• Exercise
Leave out pictures; repeat exactly the lines from the "Vintage American Navajo" line through the last of the data below.

• Recorded information
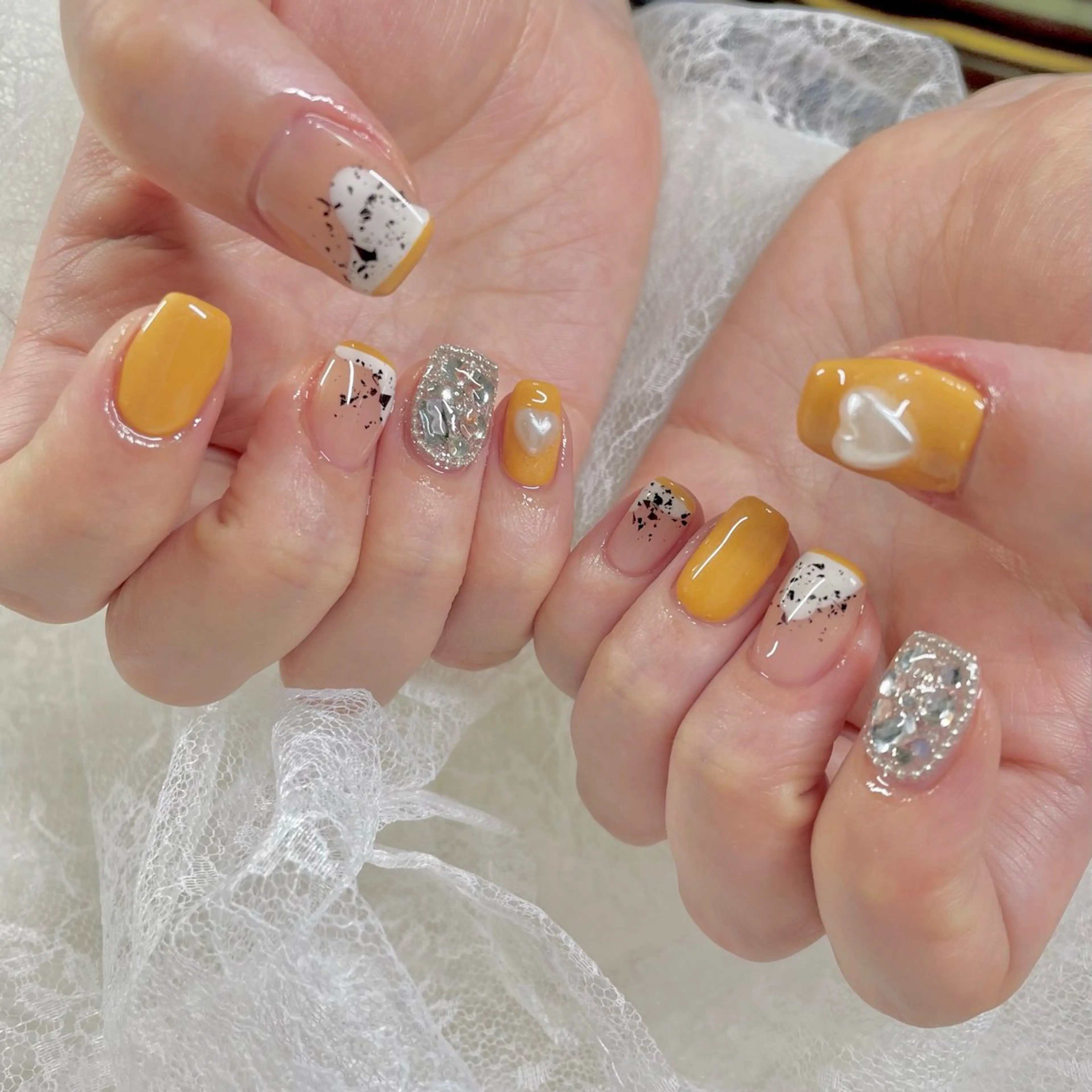 ネイル ジェルネイル J terrace Nailのネイルデザイン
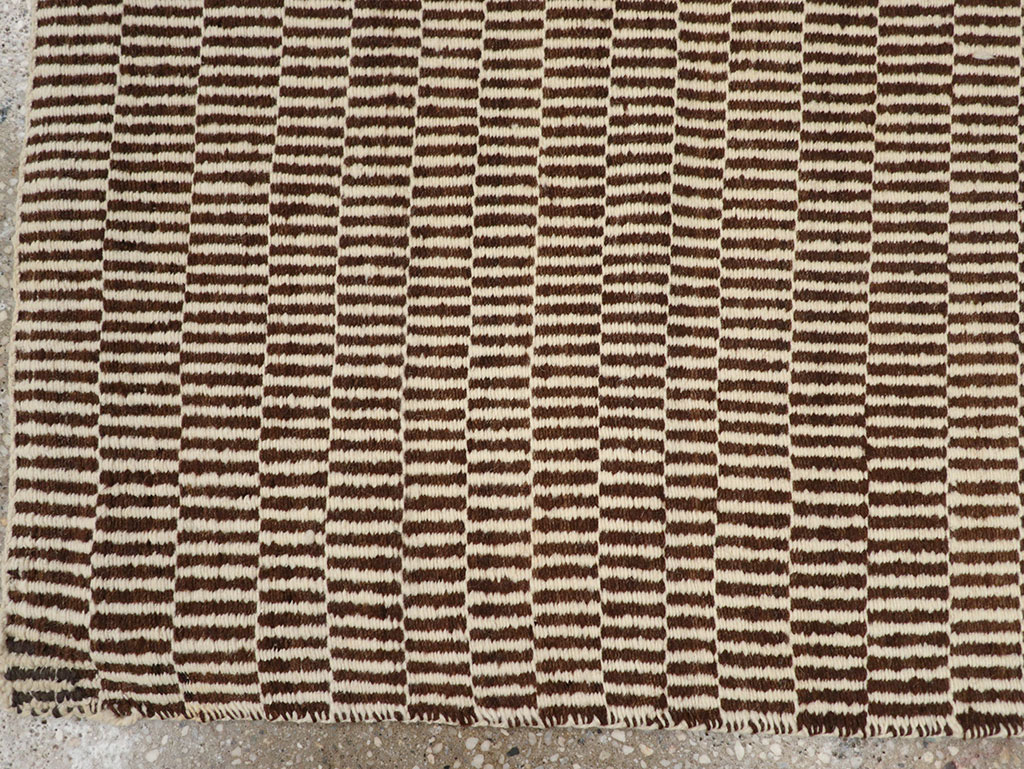 Vintage American Navajo Throw Rug, No.31086 - Gss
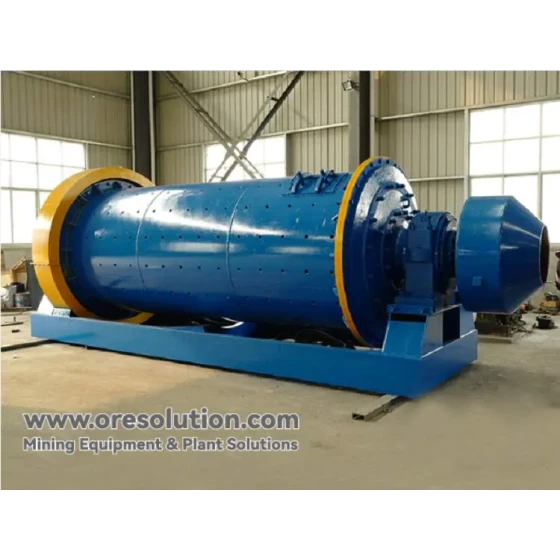 Produktionslinie und Prozesslösung für Scheelit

• Your response
 Vintage American Navajo Throw Rug, No.31086 - Gss
 Produktionslinie und Prozesslösung für Scheelit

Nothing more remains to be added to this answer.